Point cloud of a bin with calibration board

We can open the original point cloud in Zivid Studio and inspect it.


The original point cloud is also in Sample Data.

To skip the part about transforming the point cloud, which is also covered in Transform via Checkerboard, go to Filtering based on ROI box.

Transforming the point cloud

First, we load a point cloud of a checkerboard.

const auto fileData = std::string(ZIVID_SAMPLE_DATA_DIR) + "/BinWithCalibrationBoard.zdf";
std::cout << "Reading ZDF frame from file: " << fileData << std::endl;
const auto frame = Zivid::Frame(fileData);
auto pointCloud = frame.pointCloud();

Then we estimate the pose of the checkerboard and we invert it because we need the pose of the camera relative to the checkerboard.
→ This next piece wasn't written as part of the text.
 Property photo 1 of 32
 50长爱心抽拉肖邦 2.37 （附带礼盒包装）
std::cout << "Detecting and estimating pose of the Zivid checkerboard in the camera frame" << std::endl;
const auto detectionResult = Zivid::Calibration::detectFeaturePoints(pointCloud);
const auto transformCameraToCheckerboard = detectionResult.pose().toMatrix();
std::cout << "Camera pose in checkerboard frame:" << std::endl;
const auto transformCheckerboardToCamera = transformCameraToCheckerboard.inverse();
std::cout << transformCheckerboardToCamera << std::endl;

We then transform the point cloud to the checkerboard coordinate system.
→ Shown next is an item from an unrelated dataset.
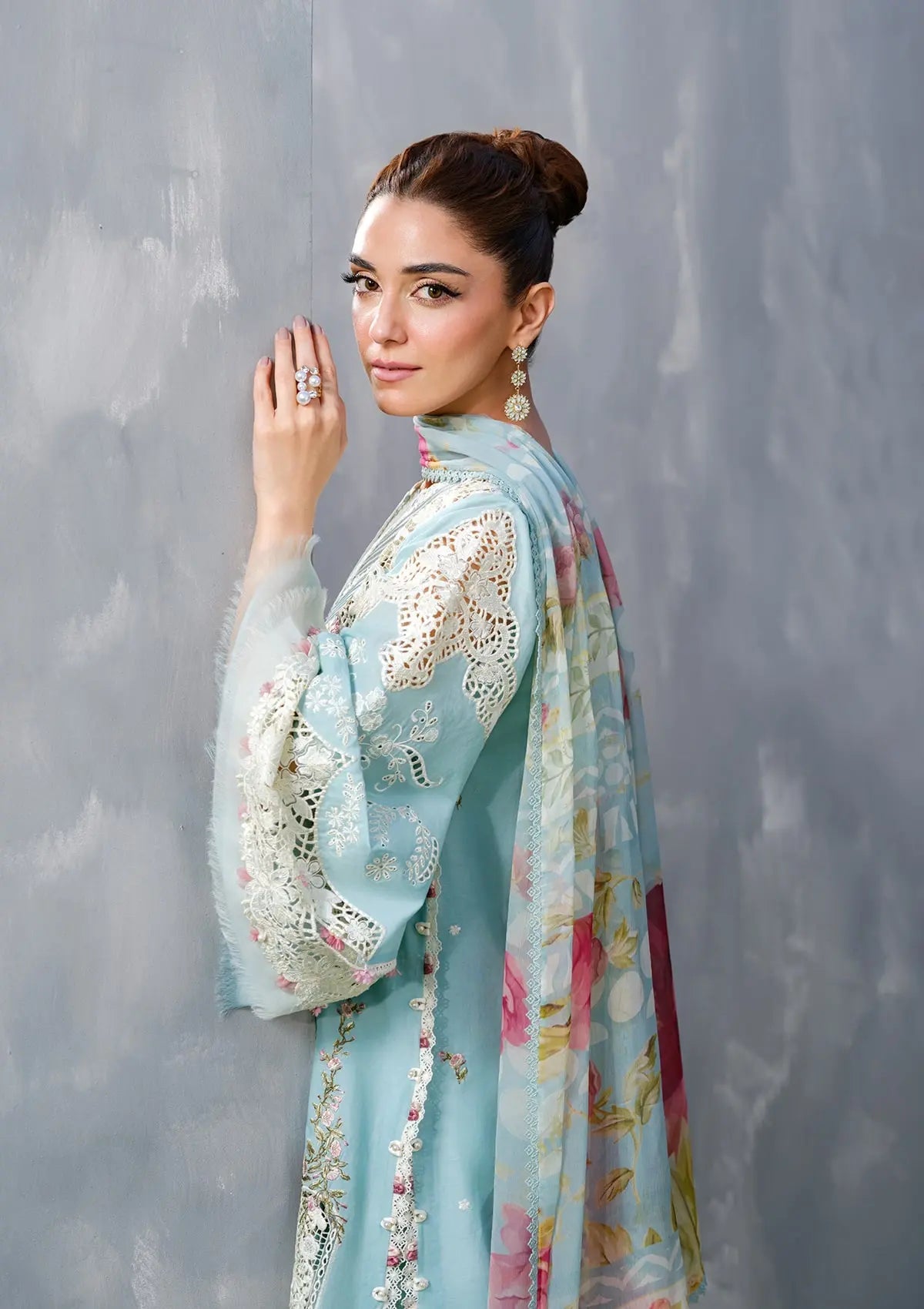 ELAF PREMIUM EMBROIDERED CHIKANKARI LAWN - 3 PC UNSTITCHED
std::cout << "Transforming point cloud from camera frame to Checkerboard frame" << std::endl;

Filtering based on ROI box

Now we define the position of the bottom-left corner of the ROI box relative to the checkerboard frame, and the ROI box size.

ROI box size and bottom-left corner relative to the checkerboard frame.
std::cout << "Bottom-Left ROI Box corner:" << std::endl;
const float roiBoxBottomLeftCornerX = -80.F; // Positive is "East"
const float roiBoxBottomLeftCornerY = 280.F; // Positive is "South"
const float roiBoxBottomLeftCornerZ = 5.F;   // Positive is "Down"
std::cout << "X: " << roiBoxBottomLeftCornerX << std::endl
          << "Y: " << roiBoxBottomLeftCornerY << std::endl
          << "Z: " << roiBoxBottomLeftCornerZ << std::endl;
std::cout << "ROI Box size:" << std::endl;
const float roiBoxLength = 600.F;
const float roiBoxWidth = 400.F;
const float roiBoxHeight = 80.F;
std::cout << "Length: " << roiBoxLength << std::endl
          << "Width: " << roiBoxWidth << std::endl
          << "Height: " << roiBoxHeight << std::endl;

Now we filter the point cloud based on the size and position of the ROI box. The implementation is done using PCL library.
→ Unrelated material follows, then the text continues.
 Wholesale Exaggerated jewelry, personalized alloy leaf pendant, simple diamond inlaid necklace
std::cout << "Filtering the point cloud based on ROI Box" << std::endl;
const auto roiPointCloudPCL = roiBoxPointCloud(

Finally, we visualize the transformed and filtered point cloud.

std::cout << "Displaying transformed point cloud after ROI Box filtering" << std::endl;
ROI filtered and transformed point cloud of a bin with checkerboard

Lastly, we display the depth map of the transformed and filtered point cloud.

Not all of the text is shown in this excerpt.